Поодаль, у полноводного озера, на софе картинно раскинулась дама того несказанного возраста, в котором – как полагает наша всезнающая молодежь – все в прошлом. Этюдник, мольберт – не раскрыты. Их, может быть, и не видно. Зато на плетенной из марокканской ветлы козетке расставлен уже недоеденный пока натюрморт: пол-арбуза, огрызок яблока, остатки кроличьих лапок, куриных крыльев, поросячих мозгов и похожая на вырезанный аппендикс колбаска венская.
Оценивая этот концептуальный шедевр, я не мог не поразиться своей графологической прозорливости: бабуля была-таки не чужда искусствам! Причем не только этюд, а и облик самой художницы будили в ее без пяти минут внуке какие-то встречные артистические флюиды. Да и поза лежавшей внушала самые неподдельные чувства. Тем паче что новомодный купальник, пошитый под пеньюар, почти что не скрадывал ее старофламандских форм.
«Анастасий Николаевна, бабуля! – кричу я, весь впечатленье.– Я прибыл!»

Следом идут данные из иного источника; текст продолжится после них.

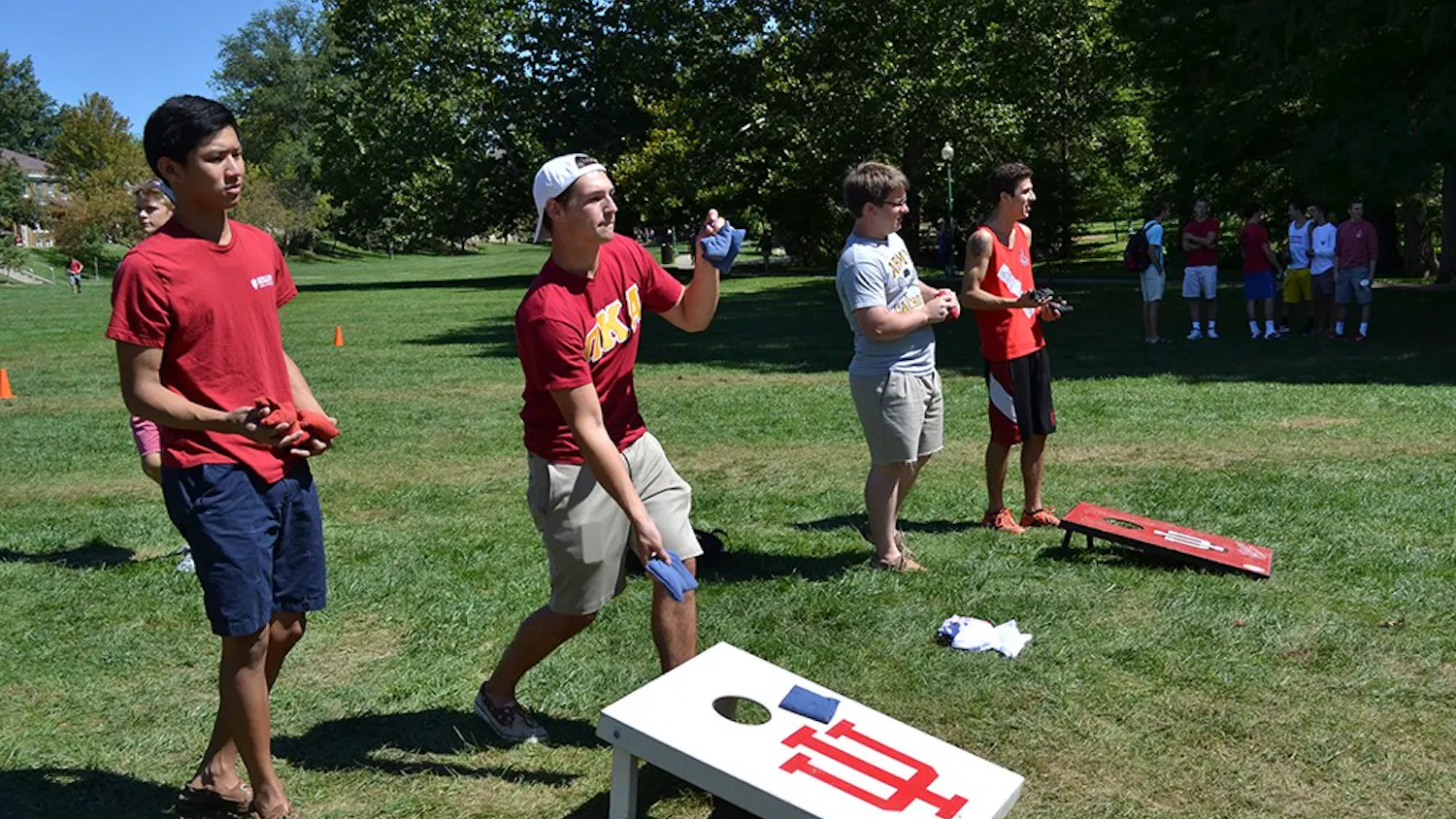 caFieldDay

И знаете, что примечательно? Та не слышит. Забылась ли? Впала ли в каталепсию? В летаргический сон? Говорят, на пленэре последний особенно освежающ. Или с ней нечто вполне летальное? Коли так, то во избежание кривотолков мне следовало бы немедленно удалиться. Ибо законы чужой страны, при всем нашем к ним уважении, зачастую грубы и абсурдны. Есть, например, державы, где термин «презумпция невиновности» почитается надругательством над памятью жертвы. А может быть, бабушка попросту тугоуха? И вот – ничего не известно. Как вдруг художница восстает из мертвых и сладко потягивается.